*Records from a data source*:
== Segment start ==
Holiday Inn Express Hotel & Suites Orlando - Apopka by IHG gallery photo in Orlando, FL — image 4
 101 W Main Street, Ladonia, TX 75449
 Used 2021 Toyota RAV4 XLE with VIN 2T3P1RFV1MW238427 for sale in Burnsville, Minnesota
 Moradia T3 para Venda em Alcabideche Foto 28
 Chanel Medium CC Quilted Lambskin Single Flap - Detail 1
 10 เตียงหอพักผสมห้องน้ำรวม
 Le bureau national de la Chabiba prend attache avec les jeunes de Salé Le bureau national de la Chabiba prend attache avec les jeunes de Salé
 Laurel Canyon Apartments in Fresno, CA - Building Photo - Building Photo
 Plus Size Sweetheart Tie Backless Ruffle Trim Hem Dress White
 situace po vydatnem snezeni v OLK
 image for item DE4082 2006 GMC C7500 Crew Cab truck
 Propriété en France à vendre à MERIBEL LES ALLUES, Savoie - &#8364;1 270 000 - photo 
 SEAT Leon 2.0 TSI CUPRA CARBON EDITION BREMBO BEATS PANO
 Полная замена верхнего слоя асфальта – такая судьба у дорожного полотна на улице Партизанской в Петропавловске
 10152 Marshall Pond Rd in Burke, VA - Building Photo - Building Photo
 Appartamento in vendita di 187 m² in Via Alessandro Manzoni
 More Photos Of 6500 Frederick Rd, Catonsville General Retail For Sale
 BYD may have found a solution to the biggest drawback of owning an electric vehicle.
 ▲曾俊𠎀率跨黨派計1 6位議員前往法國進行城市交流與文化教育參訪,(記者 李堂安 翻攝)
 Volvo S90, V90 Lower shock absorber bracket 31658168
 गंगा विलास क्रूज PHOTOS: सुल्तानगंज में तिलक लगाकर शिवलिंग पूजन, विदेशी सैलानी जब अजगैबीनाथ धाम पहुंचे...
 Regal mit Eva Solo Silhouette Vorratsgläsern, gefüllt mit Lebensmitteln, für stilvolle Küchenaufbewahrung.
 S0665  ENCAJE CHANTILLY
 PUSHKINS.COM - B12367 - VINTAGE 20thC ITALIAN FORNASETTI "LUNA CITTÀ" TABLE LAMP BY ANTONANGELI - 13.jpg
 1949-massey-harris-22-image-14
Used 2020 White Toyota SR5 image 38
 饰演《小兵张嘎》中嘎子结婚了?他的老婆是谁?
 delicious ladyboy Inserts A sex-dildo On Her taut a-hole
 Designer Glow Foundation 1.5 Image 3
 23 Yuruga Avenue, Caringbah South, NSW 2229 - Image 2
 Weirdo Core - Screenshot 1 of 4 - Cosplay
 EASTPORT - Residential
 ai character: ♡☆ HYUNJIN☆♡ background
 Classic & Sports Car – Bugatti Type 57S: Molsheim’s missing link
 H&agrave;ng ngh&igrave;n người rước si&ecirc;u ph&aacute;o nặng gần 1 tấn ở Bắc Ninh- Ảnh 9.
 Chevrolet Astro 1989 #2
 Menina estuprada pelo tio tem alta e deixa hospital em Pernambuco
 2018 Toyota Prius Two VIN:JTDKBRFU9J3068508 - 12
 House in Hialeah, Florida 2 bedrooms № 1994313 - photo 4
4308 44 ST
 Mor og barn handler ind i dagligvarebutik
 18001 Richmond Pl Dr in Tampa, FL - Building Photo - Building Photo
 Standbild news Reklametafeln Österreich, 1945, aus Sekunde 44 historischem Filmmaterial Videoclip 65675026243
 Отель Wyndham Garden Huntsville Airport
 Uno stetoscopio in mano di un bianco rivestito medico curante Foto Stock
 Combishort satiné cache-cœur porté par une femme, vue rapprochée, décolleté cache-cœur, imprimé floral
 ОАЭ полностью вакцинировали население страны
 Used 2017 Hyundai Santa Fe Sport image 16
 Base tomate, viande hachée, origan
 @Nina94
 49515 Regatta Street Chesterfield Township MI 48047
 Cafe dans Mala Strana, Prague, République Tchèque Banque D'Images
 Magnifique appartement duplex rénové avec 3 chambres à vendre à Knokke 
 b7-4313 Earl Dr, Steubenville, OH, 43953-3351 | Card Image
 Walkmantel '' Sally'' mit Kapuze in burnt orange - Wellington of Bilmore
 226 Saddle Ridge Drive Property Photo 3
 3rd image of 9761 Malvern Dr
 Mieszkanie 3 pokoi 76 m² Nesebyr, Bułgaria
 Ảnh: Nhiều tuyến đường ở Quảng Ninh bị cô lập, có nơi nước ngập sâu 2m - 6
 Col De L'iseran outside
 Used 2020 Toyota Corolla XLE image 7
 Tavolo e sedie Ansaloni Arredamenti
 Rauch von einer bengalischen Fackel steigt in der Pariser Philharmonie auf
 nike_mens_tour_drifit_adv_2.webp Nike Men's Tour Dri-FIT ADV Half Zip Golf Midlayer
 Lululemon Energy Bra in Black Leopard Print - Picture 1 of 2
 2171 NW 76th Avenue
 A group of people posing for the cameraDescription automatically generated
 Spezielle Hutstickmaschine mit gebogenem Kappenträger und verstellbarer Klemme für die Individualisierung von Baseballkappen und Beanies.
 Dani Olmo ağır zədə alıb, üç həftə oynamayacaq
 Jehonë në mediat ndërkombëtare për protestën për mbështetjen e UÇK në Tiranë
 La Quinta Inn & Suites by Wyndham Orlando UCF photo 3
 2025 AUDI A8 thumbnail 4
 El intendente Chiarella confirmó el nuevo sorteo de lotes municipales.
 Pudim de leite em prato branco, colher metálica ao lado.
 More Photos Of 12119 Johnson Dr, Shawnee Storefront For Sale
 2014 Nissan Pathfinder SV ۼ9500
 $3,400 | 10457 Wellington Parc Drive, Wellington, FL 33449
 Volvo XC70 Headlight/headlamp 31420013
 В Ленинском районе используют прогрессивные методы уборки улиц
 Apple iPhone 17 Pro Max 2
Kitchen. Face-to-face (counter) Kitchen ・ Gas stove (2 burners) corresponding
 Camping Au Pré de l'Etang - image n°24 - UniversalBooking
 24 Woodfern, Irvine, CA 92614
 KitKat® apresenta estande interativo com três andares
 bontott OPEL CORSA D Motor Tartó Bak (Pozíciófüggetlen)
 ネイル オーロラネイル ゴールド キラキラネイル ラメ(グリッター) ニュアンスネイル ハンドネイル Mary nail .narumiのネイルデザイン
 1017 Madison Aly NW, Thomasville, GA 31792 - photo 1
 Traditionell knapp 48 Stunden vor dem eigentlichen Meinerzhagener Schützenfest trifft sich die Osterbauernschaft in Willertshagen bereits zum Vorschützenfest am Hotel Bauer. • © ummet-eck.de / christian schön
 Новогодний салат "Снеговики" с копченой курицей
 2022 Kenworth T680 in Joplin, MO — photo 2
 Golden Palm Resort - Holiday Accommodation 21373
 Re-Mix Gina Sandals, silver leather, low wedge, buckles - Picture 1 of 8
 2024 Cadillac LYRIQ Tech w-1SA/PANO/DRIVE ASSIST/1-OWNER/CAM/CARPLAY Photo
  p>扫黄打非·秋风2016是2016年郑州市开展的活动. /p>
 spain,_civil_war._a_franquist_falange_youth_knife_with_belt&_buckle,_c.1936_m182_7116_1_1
== Segment end ==
*Exercise goal*: Among the entries above, the line containing "Tavolo e sedie Ansaloni Arredamenti", the line containing "2171 NW 76th Avenue", and all lines between them are to be restated word for word; nothing else belongs in the reply.

*Your solution*:
 Tavolo e sedie Ansaloni Arredamenti
 Rauch von einer bengalischen Fackel steigt in der Pariser Philharmonie auf
 nike_mens_tour_drifit_adv_2.webp Nike Men's Tour Dri-FIT ADV Half Zip Golf Midlayer
 Lululemon Energy Bra in Black Leopard Print - Picture 1 of 2
 2171 NW 76th Avenue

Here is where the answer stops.